Open64 (mfef90, whirl2f, and IR tools)  TAG: version-openad; SVN changeset: 916
config_cache.h File Reference
This graph shows which files directly or indirectly include this file:

Go to the source code of this file.

Classes

struct  MHD_LEVEL
struct  MHD

Defines

#define MHD_MAX_LEVELS   4

Typedefs

typedef enum MHD_TYPE MHD_TYPE
typedef struct MHD_LEVEL MHD_LEVEL
typedef struct MHD MHD

Enumerations

enum  MHD_TYPE { MHD_TYPE_NONE = 222, MHD_TYPE_CACHE, MHD_TYPE_MEM }

Variables

MHD Mhd
MHD Mhd_Options

Define Documentation

#define MHD_MAX_LEVELS   4

Definition at line 392 of file config_cache.h.

Referenced by MHD::First(), MHD::Merge_Options(), MHD::Next(), and MHD::Print().


Typedef Documentation

typedef struct MHD MHD
typedef struct MHD_LEVEL MHD_LEVEL
typedef enum MHD_TYPE MHD_TYPE

Description:

Unique prefix

MHD_ (meaning "memory hierarchy description")

MHD_TYPE

MHD_TYPE_NONE (not modelling anything) MHD_TYPE_CACHE (cache: misses to further out cache or main memory) MHD_TYPE_MEM (main memory: misses to a disk)

MHD_LEVEL

The parameters that describe this level of the memory hierarchy.

MHD_TYPE Type

Are we modelling cache, main memory, or nothing

INT64 Size

Number of bytes the cache or main memory holds.

INT64 Effective_Size

How many bytes the memory hierarcy level can effectively hold

INT32 Line_Size

Number of bytes in a cache line or page.

INT32 Clean_Miss_Penalty

Processor cycles to next level of memory hierarcy to replace a clean line.

INT32 Dirty_Miss_Penalty

Processor cycles to next level of memory hierarcy to replace a dirty line.

INT32 Miss_Penalty

Processor cycles to next level of memory hierarcy to replace a clean or dirty line. Used only to set the distinct clean/dirty variables with a single option -- not to be used outside option processing.

INT32 Associativity

Only for MHD_CACHE: 1 for direct mapped, etc

INT32 TLB_Entries

-1 if no TLB; otherwise, the number of entries

INT32 Page_Size

How many bytes are mapped by one TLB entry

INT32 TLB_Clean_Miss_Penalty INT32 TLB_Dirty_Miss_Penalty INT32 TLB_Miss_Penalty

How many cycles a TLB miss costs. The third is used only during option processing to allow setting the first two with a single option -- not to be used outside option processing.

double Typical_Outstanding

How many loads may be outstanding at the same time typically. 1 means no overlap.

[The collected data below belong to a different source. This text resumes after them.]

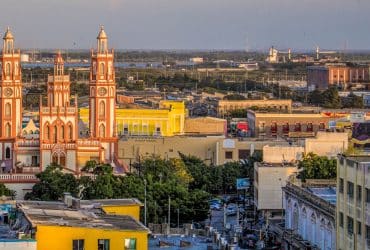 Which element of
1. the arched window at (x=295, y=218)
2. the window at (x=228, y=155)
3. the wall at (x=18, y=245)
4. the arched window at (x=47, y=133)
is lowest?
the window at (x=228, y=155)

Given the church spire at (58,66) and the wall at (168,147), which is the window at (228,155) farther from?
the church spire at (58,66)

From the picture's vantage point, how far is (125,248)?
90.5ft

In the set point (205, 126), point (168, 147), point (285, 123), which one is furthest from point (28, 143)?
point (205, 126)

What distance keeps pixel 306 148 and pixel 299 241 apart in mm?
18444

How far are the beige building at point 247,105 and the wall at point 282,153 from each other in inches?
1902

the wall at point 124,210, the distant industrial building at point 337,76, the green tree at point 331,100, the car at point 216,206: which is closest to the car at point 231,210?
the car at point 216,206

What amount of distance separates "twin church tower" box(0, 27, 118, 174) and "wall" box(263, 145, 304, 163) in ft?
23.5

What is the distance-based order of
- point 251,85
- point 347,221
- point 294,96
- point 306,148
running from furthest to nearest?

If a cache's max is 4, then 3 might be a reasonable number to use here. Don't use anything less than 1.

double Load_Op_Overlap_1 double Load_Op_Overlap_2

How much of a load may be overlapped by machine ops. 0.9 is reasonable for a non-blocking cache, and 0.0 for a blocking cache. If these are different, then _1 is how much of the first miss cycle is overlapped, and _2 is how much of the last miss cycle that's overlappable is overlapped. Thus 1.0 >= _1 >= _2 >= 0. It's linear inbetween those. Thus if the cache miss cycles are half the estimated machine cycles m, then the actual cycles lost to cache miss would have to be (1/2 m) [(3/4)(1-_1) + (1/4)(1-_2)]

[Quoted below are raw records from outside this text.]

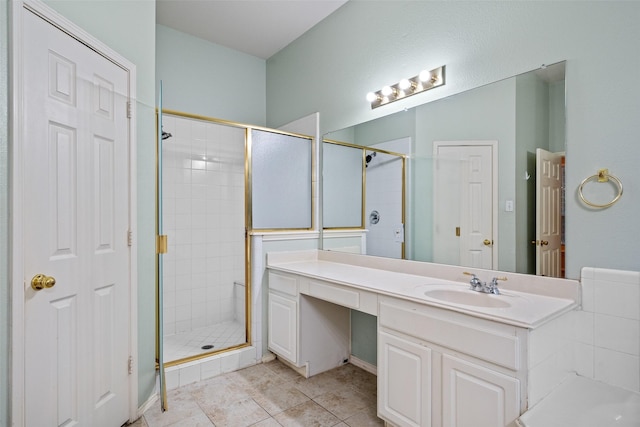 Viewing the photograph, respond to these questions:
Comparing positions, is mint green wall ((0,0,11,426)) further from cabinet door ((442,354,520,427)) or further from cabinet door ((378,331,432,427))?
cabinet door ((442,354,520,427))

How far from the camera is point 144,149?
6.84 ft

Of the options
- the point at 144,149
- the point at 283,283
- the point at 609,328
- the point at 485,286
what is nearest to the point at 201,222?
the point at 283,283

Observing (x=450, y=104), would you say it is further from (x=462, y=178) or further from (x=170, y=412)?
(x=170, y=412)

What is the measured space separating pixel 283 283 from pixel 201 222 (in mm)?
1432

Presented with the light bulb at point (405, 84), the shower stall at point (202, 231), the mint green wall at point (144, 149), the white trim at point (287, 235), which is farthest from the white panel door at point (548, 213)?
the shower stall at point (202, 231)

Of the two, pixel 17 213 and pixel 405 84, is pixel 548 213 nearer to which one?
pixel 405 84

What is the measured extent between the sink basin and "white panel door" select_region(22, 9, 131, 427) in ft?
5.56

INT32 Pct_Excess_Writes_Nonhidable

If a dirty line costs more than a clean line, let's call the additional cost the excess. E.g. clean miss=10 cycles, dirty miss=18 cycles. Excess 8 cycles. If this parameter is 0, then all 8 additional cycles are treated just as the first 10: it can be hidden. Realistically, this is not the case. The processor has to wait longer, and might run out of work. Dirty misses also take up extra cache resource. If this value is greater than 0, the part that isn't treated has hidable is added directly to the cost (after division by Typical_Outstanding). A perfectly reasonable value is 100. Because of the extra resources used, one can even imagine a number >100. We actually allow up to 1000 in the options processing (for testing purposes), but that doesn't make sense.

BOOL Prefetch_Level

Prefetching desired at this memory level?

The following are used only for option processing, and should not be referenced elsewhere:

INT32 Miss_Penalty INT32 TLB_Miss_Penalty

Described above.

char * CS_string

Cache size in string form for option processing.

BOOL <various>_Set

The relevant option was set from the command line.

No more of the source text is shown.